Yes, people(read "young guys") still want 6X9's on the rear shelf in Commodores!  
I try and convince them otherwise but "my mates got 'em and they sound grouse"
I just say, OK... 

You have obviously taken out the factory "woofers" from that location... GOOD! (Your Clubbie should have had them.. yes?)

Looking forward to the next update... 

Mark


----------



## strong*I*bumpin (Oct 3, 2005)

Nice work so far.Did u apply any protectant on the egg crate foam?(u'll need it).The cutout behind the rear seats is screaming ---IB!


----------



## tusk (Feb 20, 2008)

NICE ride and the system is looking great.

Ah... to not have a gas tank in the trunk:blush:


----------



## martycash (Feb 24, 2008)

Hello all, got a little bit more done over the last 3-4 weeks, pics included.

I have just started on my 4th dynamat bulk pack, although i will only need about 4 sheets to finish the quarter panels in the trunk and a few other area's.

I have decided to build a case for the 4 pdx amps on hinges so as to have access to the spare wheel. will have a basic panel probably covered in vinyl over the top with cutouts exposing the amps, work in progress????

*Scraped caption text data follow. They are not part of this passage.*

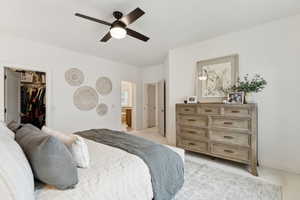 Bedroom featuring a spacious closet, a ceiling fan, and light colored carpet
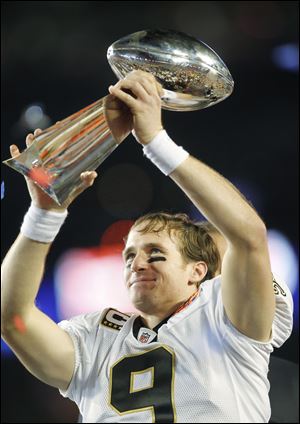 Drew Brees hoists the Vince Lombardi Trophy in triumph after the quarterback led the New Orleans Saints over the Indianapolis Colts.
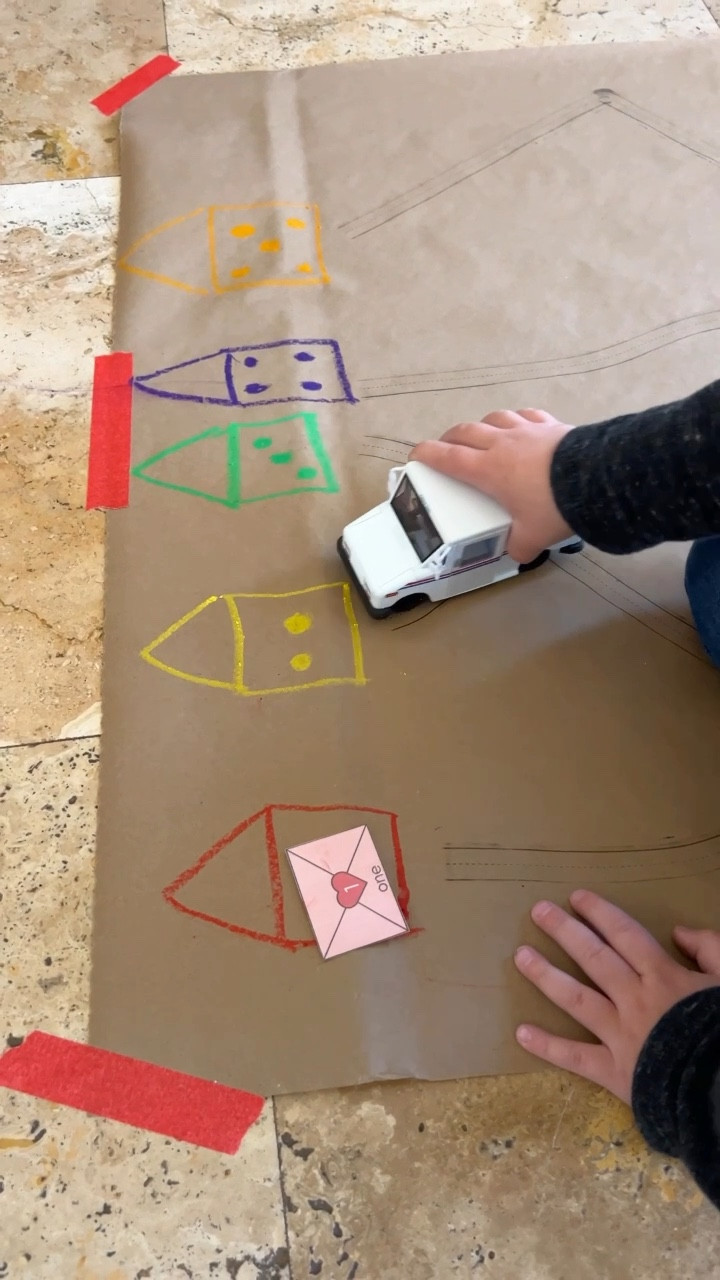 That mail truck though 😍

This Valentine’s mail number match turned into so much more. My son didn’t just stop at the activity—he built an entire town with blocks, added more cars, and extended the play for hours.
The heart number envelopes are from my printable activity pack available at outsidethetoybox.com. The Kraft paper I found at the Dollar Tree but I linked something similar.


#LTKFamily #LTKSeasonal #LTKKids
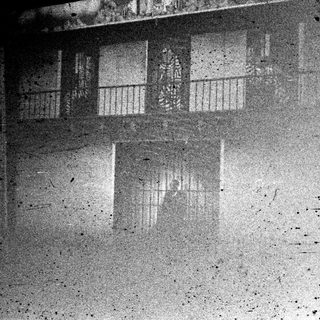 Gritty, grainy image of a window with a blurred interior.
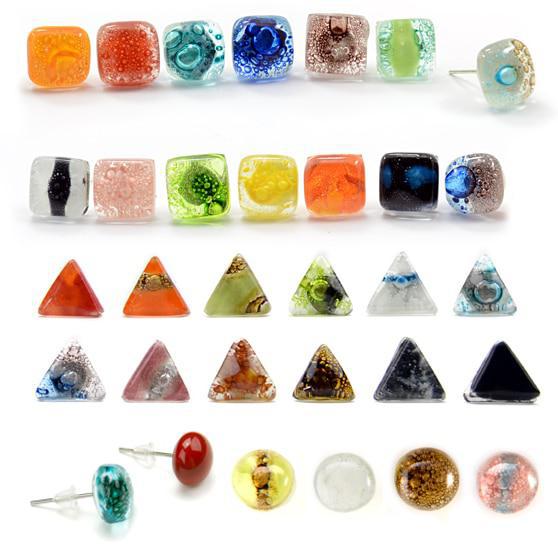 A collection of various glass stud earrings in different colors and patterns, displayed in rows. They come in various shapes including square, round, and triangular, and are attached to metal posts.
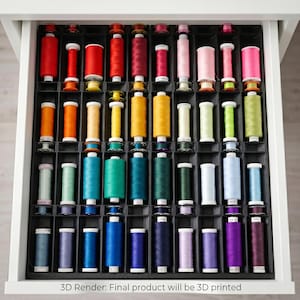 Pode incluir: Um organizador de gavetas de plástico preto contendo fileiras de carretéis de linha de costura coloridos em vários tons, incluindo vermelho, laranja, amarelo, verde, azul, roxo e rosa. O texto na parte inferior diz: 3D Render: Final product will be 3D printed.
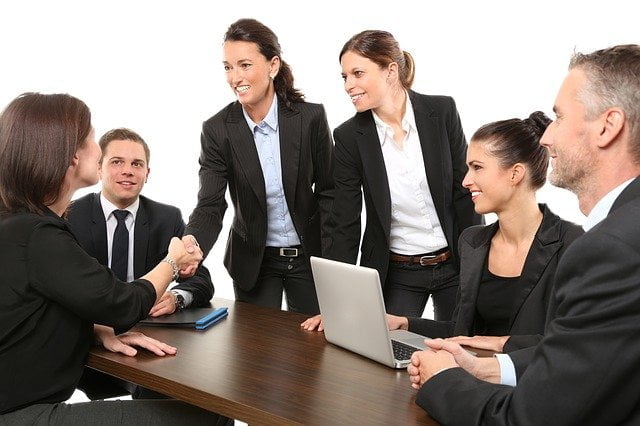 A Group of people in suits gathered around a table - Can a shy person run a business and be successful?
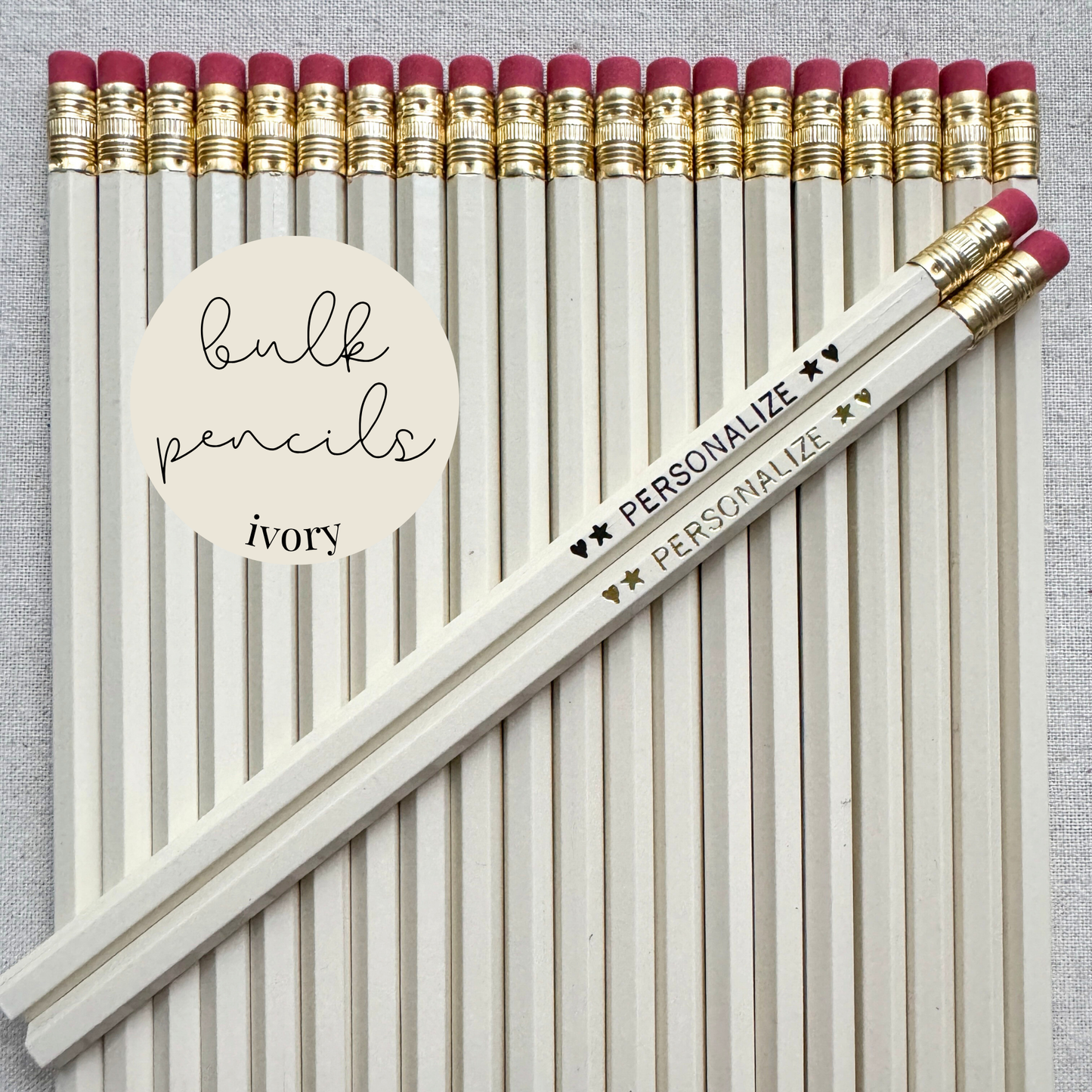 Ivory bulk personalized pencils flat lay in a box with custom text hand-pressed made in the USA for schools events and corporate orders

Please as always, tell me what you think, good or bad or any other ideas.

































Neighbors front yard, im sure you have all seen one????









































































Anyway fly off to work in the morning, hope to have sounds as of next thursday to start testing before puting the car back together, till then

regards...Marty


----------



## slowsedan01 (May 4, 2008)

Is that a Cadillac Catera on steroids?


----------



## FrankstonCarAudio (Feb 2, 2008)

Hey Marty,
That is coming along really well..
That sub box arrangement looks very familiar... I designed a one piece "box" here in Melbourne for a guy in W.A.! ... was the same rear firing, 2 chamber but with no middle "tunnel"... the subs were at a 72* angle to each other (a left over from the Paul Graham "GAIT" training days!)
By all accounts it was a great success... I can't remember the guys name.. was a couple of years ago...
Anyway, enough of my dribble.. :blush:
Keep the updates coming...

Mark

EDIT: and stop taking shots of kangaroos!.. it's bad enough that people overseas "think" we have them bouncing down our streets, without you taking pics of them in our streets!!


----------



## martycash (Feb 24, 2008)

Well i have Sound now, i got impatient, not having tunes for 4-5 months started to get on my nerves, anyway the system is far from finished but at least i can listen in style while working on the rest. i can't believe how good the MLK-165's sound, the tweeters give you everything but are warm with no harshness at all, i also can't believe how much base im getting from the 6.5" woofer, can't wait to EQ it all with the H701. IMO these rival my old Dyn system fully run in. antway here's a few more pic's, not too exciting though, still no trim. opinions and advise always needed, thanks

Marty


----------



## annoyingrob (Aug 24, 2007)

So what did it dyno


----------



## KennyT (Mar 14, 2008)

nice work.hope to see more updates soon.


----------



## Luke352 (Jul 24, 2006)

Nice car Marty, and the system is looking great!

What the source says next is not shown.